What We Can Learn From the Guardian’s New Open Platform

British national paper The Guardian isn’t the kind of tech-savvy enterprise one would normally look to for guidance on digital issues or Internet-related topics. For one thing, it’s not a startup — it’s a 190-year-old newspaper. And it’s not based in Palo Alto or SoMa, but in London Manchester, England. The newspaper company, however, is doing something fairly revolutionary. In a nutshell, The Guardian has completely rethought the fundamental nature of its business — something it has effectively been forced to do, as many media entities have, by the nature of the Internet — and, as a result, has altered the way it thinks about value creation and where that comes from.

Enter The Guardian’s “Open Platform,” which launched last week and involves an open API (application programming interface) that developers can use to integrate Guardian content into services and applications.

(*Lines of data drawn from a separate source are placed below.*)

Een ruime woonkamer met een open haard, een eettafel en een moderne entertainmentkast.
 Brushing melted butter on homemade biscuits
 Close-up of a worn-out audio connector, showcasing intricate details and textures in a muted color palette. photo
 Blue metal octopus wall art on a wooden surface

The newspaper company has been running a beta version of the platform for a little over a year now, but took the experimental label off the project on Thursday and announced that it is “open for business.” By that The Guardian means it is looking for partners who want to use its content in return for either licensing fees or a revenue-sharing agreement of some kind related to advertising.

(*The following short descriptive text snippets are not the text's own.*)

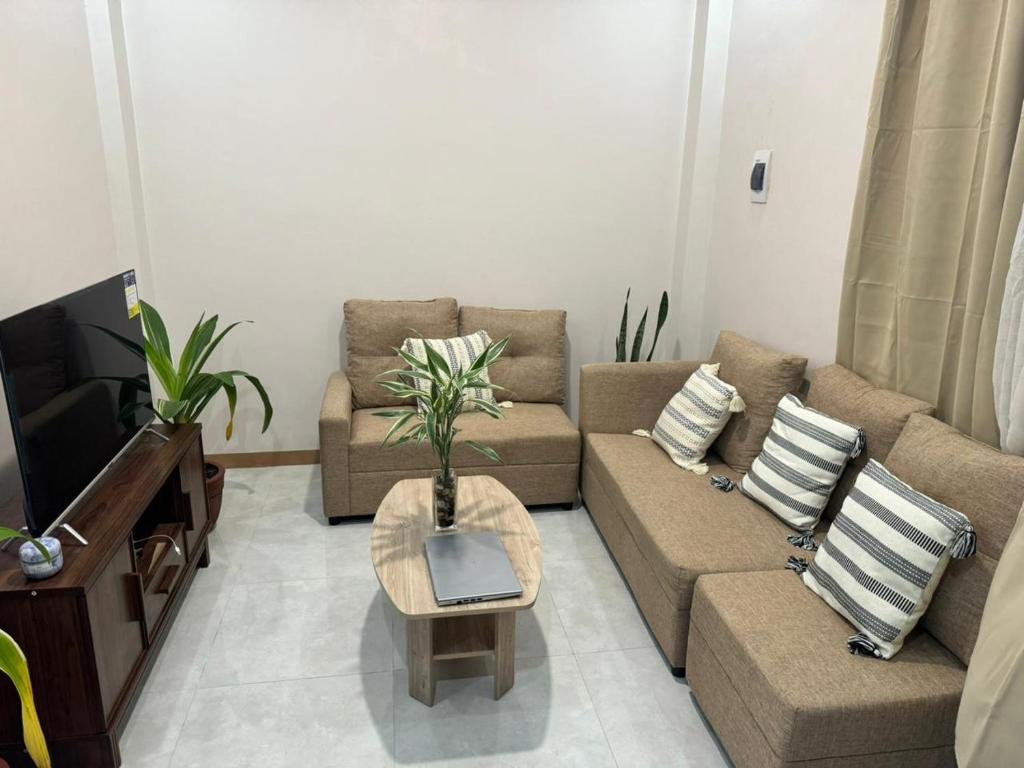 ein Wohnzimmer mit einem Sofa und einem TV in der Unterkunft Comfy Staycation II in Sorsogon City 2 bedroom for group or family in Sorsogon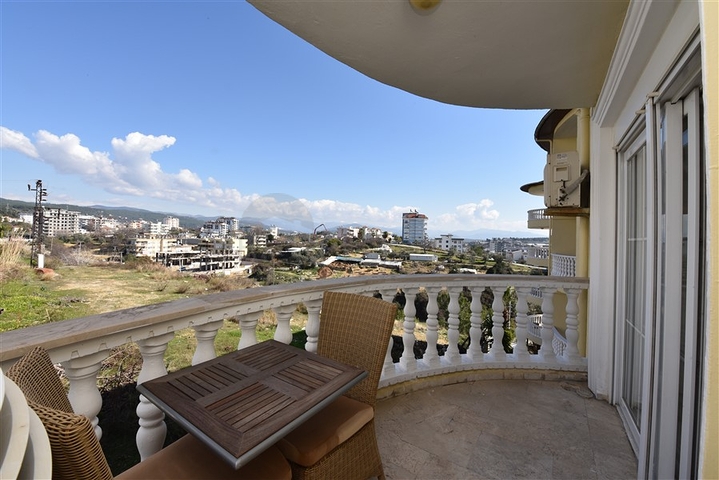 تراس واسع - شقة بسعر مناسب - تصميم غرفتين وصالة مفروشة - في افسلار / الانيا 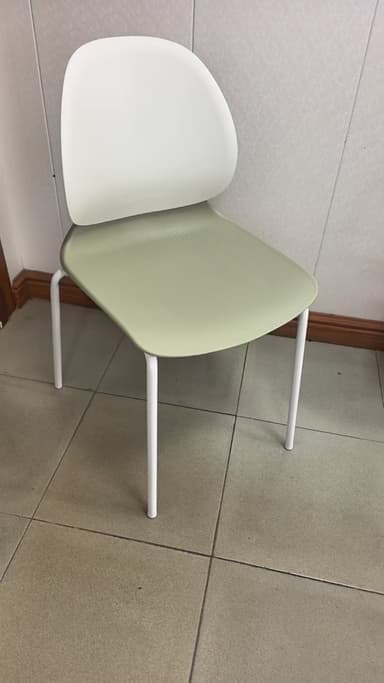 A modern side chair with a molded shell seat and back. The seat and back appear to be made of a smooth, durable plastic or composite material. The shell has a distinct organic, curved shape, with the back extending upwards and curving slightly inwards. The chair is supported by thin, tapered metal legs that are white in color and arranged in a sled-like base configuration. The overall aesthetic is minimalist and contemporary. — 3D model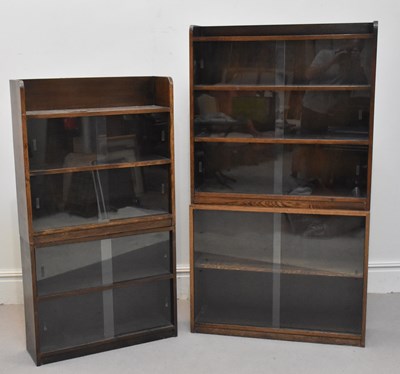 Lot 1219 - Four bookcases with sliding glass fronts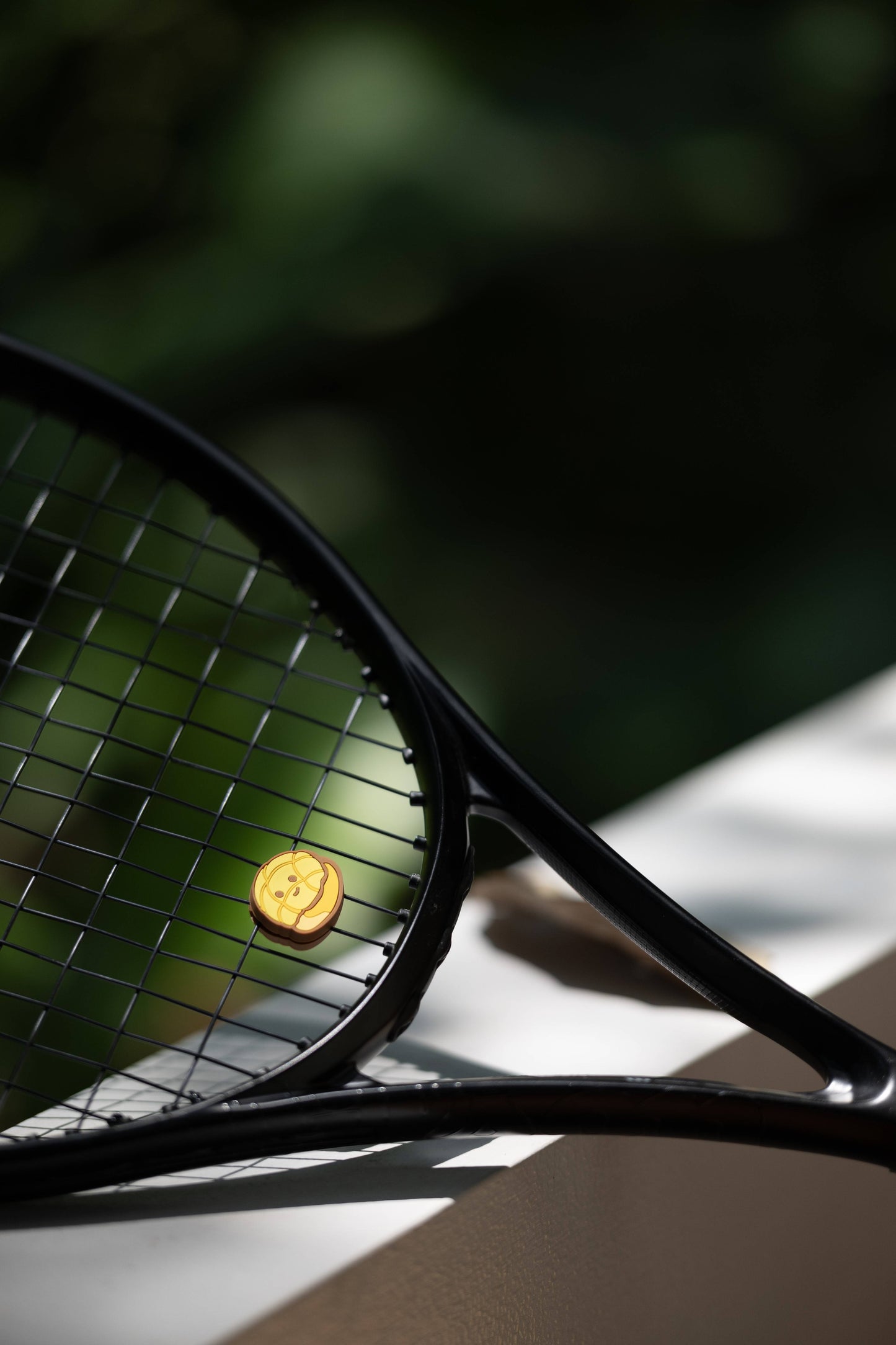 Model holding pineapple bun shaped tennis vibration dampener, cute bakery series tennis accessory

To take just one example, The Guardian writes a lot of stories about soccer, but it can’t really target advertising to specific readers very well, since it is a mass-market newspaper. In other words, says Guardian developer Chris Thorpe, the newspaper fails to appeal to an Arsenal fan like himself because it can’t identify and target him effectively, and therefore runs standard low-cost banner ads. By providing the same content to a website designed for Arsenal fans, however, those stories can be surrounded by much more effectively targeted ads, and thus be monetized at a much higher rate — a rate the newspaper then gets to share in.

Open APIs and open platforms aren’t all that new. Google is probably the largest and most well-known user of the open API as a tool to extend the reach of its search business and other services, such as its mapping and photo services. Most social networks, such as Facebook and YouTube, also offer APIs for the same reason, though not all of them are as open as Google’s.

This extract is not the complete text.